Esta edificación había sido utilizada como edificio de usos múltiples para proyecciones de cine, conciertos, boxeo, lucha libre y circo, entre otros eventos. En numerosas ocasiones se uso para temas benéficos. Sirva tan solo como ejemplo Mondeño y la Casa Cuna. Paco se emocionaba hablando de la plaza y de su lucha para que volvamos a contar con un coso mutiusos.

Estas jornadas nacen con un espíritu bienal, como las que se están realizando en Pamplona los años pares, y cuentan con el apoyo de muchos enamorados del mundo del toro, entre ellos el rector de la UPCT, José Antonio Franco. Él siempre ha defendido que el sector del toro de lidia ocupa un lugar muy destacado en el conjunto de la ganadería española, pues genera una importante actividad económica, manteniendo una gran cantidad de puestos de trabajo altamente cualificados.

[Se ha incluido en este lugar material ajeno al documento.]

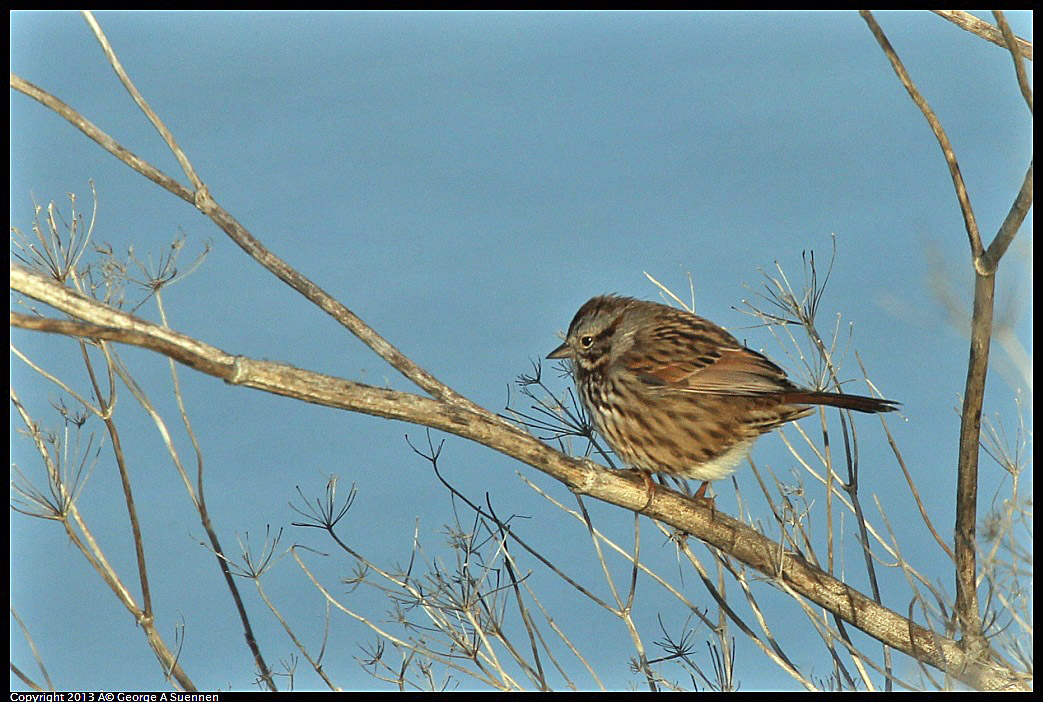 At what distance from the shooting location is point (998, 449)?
463 centimetres

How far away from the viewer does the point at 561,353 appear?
6.13 meters

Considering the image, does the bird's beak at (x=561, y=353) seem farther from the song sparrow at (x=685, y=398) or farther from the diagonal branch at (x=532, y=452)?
the diagonal branch at (x=532, y=452)

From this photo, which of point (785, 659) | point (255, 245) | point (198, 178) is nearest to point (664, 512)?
point (785, 659)

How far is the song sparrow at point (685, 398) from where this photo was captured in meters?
5.49

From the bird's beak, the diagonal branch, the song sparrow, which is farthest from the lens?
the bird's beak

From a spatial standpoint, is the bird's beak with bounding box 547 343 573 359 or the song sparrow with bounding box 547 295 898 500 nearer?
the song sparrow with bounding box 547 295 898 500

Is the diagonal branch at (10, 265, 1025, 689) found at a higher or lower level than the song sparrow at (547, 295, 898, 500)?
lower

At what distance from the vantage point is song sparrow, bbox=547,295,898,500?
5488mm

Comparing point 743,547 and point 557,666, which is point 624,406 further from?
point 557,666

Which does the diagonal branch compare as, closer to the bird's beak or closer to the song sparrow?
the song sparrow

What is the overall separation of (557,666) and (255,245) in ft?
7.51

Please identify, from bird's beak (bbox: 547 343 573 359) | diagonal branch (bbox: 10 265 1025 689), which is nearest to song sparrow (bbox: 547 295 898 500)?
bird's beak (bbox: 547 343 573 359)

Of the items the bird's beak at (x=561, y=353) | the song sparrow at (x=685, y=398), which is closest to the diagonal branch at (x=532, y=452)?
the song sparrow at (x=685, y=398)

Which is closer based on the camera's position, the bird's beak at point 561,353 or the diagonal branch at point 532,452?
the diagonal branch at point 532,452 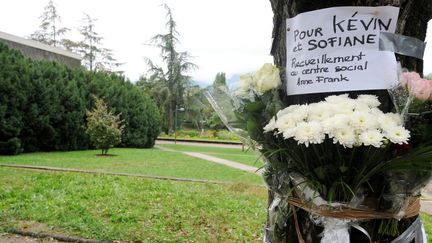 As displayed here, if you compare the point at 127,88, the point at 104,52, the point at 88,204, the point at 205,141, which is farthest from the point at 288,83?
the point at 104,52

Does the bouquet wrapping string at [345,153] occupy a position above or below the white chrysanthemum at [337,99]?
below

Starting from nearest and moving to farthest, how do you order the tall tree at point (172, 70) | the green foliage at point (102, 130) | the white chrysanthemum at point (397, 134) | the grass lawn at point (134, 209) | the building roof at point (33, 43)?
the white chrysanthemum at point (397, 134)
the grass lawn at point (134, 209)
the green foliage at point (102, 130)
the building roof at point (33, 43)
the tall tree at point (172, 70)

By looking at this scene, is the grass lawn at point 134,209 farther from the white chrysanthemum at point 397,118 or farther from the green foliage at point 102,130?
the green foliage at point 102,130

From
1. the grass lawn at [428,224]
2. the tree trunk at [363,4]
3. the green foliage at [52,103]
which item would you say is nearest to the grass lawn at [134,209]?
the grass lawn at [428,224]

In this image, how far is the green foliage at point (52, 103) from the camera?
1351cm

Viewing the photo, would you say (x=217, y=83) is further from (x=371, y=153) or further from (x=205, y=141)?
(x=205, y=141)

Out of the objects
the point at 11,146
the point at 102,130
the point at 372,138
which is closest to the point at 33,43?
the point at 102,130

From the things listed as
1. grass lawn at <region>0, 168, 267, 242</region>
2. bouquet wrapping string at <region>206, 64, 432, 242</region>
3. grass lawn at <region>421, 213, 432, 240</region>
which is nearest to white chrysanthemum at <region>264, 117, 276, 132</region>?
bouquet wrapping string at <region>206, 64, 432, 242</region>

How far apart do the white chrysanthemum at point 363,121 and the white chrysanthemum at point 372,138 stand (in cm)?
2

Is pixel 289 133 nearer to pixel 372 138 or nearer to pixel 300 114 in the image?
pixel 300 114

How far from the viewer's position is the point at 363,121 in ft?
4.39

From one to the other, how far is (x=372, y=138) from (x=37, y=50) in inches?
850

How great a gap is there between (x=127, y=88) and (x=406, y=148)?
19.8 metres

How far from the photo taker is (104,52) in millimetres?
42969
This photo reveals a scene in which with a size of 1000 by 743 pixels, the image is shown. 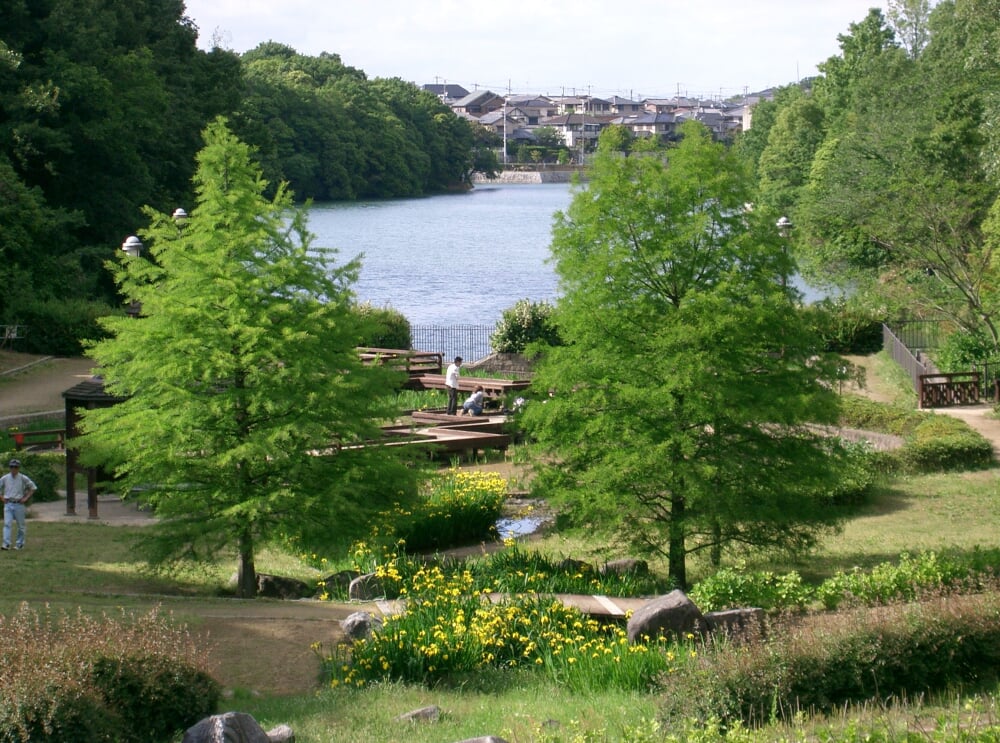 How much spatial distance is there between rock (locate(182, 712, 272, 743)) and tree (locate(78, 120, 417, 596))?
21.4 feet

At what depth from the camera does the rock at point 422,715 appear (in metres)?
8.75

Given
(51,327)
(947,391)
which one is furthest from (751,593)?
(51,327)

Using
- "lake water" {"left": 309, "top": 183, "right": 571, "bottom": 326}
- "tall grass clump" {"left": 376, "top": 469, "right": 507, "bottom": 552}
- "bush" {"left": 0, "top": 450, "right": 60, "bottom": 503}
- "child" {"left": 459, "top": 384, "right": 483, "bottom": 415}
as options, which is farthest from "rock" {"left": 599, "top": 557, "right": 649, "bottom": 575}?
"lake water" {"left": 309, "top": 183, "right": 571, "bottom": 326}

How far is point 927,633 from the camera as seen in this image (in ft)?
31.4

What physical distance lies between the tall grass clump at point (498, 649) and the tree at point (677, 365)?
316 centimetres

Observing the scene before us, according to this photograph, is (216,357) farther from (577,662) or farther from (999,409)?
(999,409)

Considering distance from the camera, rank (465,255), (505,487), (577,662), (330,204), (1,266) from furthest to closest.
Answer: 1. (330,204)
2. (465,255)
3. (1,266)
4. (505,487)
5. (577,662)

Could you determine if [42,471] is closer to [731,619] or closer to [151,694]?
[151,694]

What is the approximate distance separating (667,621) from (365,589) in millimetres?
4346

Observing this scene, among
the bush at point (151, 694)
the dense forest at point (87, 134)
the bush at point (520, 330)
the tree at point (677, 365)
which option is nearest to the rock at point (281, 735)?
the bush at point (151, 694)

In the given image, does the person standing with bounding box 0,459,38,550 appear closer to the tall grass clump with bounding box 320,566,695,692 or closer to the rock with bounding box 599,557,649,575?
the tall grass clump with bounding box 320,566,695,692

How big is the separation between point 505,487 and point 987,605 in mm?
10559

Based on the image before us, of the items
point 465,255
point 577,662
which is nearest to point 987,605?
point 577,662

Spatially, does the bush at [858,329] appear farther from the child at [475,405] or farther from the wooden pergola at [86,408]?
the wooden pergola at [86,408] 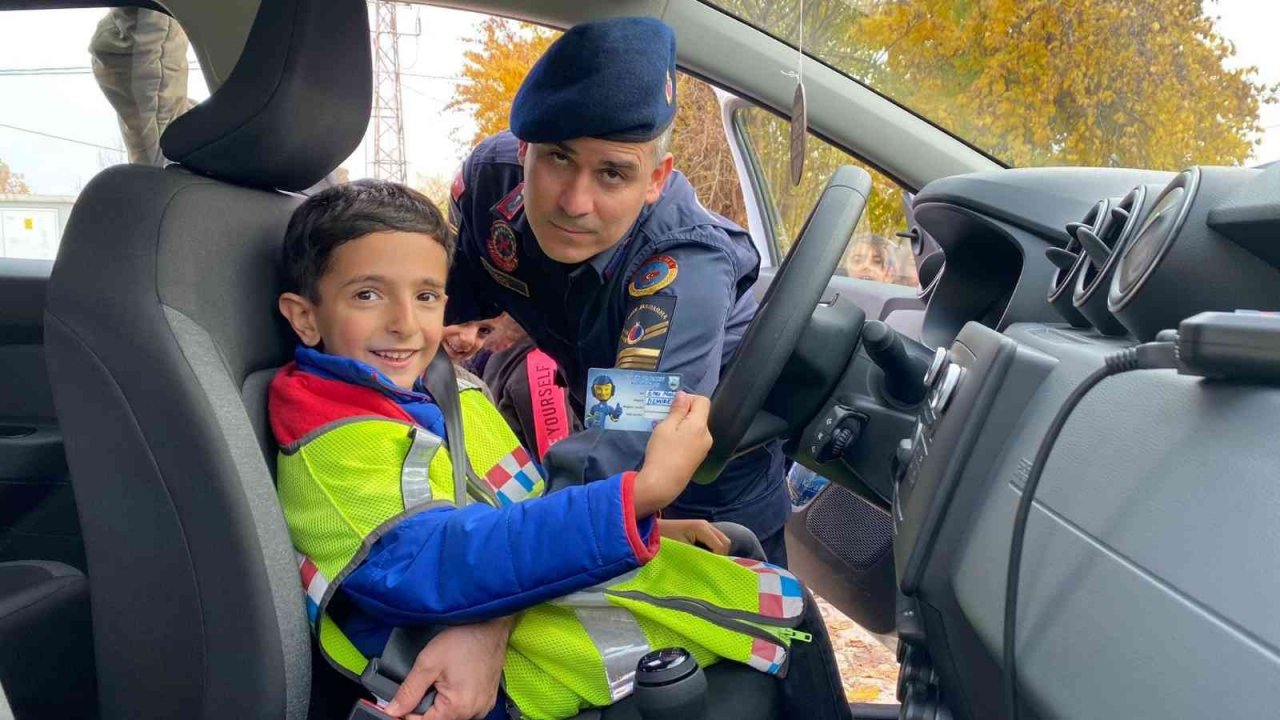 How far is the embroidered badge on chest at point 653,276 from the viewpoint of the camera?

Por ello, los graduados de la UPCT pueden aportar nuevas tecnologías a un sector que, aunque enraizado en la tradición, es cada vez más permeable a la investigación y el desarrollo animal. Y, como siempre ocurre en la Trimilenaria, hay una entrega total de la instituciones y empresas para que estos proyectos paseen el nombre de la ciudad por muestra piel de toro, desde Puerto de Culturas, hasta la Oficina de Congresos, el Parque Minero de La Unión, el Hotel Alfonso XIII... Muchos son los que trabajan para que eventos como éste estén al nivel que requiere nuestra ciudad. Y finalizo hoy con un pensamiento de Tichavsky, «Los libros curan la más peligrosa de las enfermedades humanas: la ignorancia».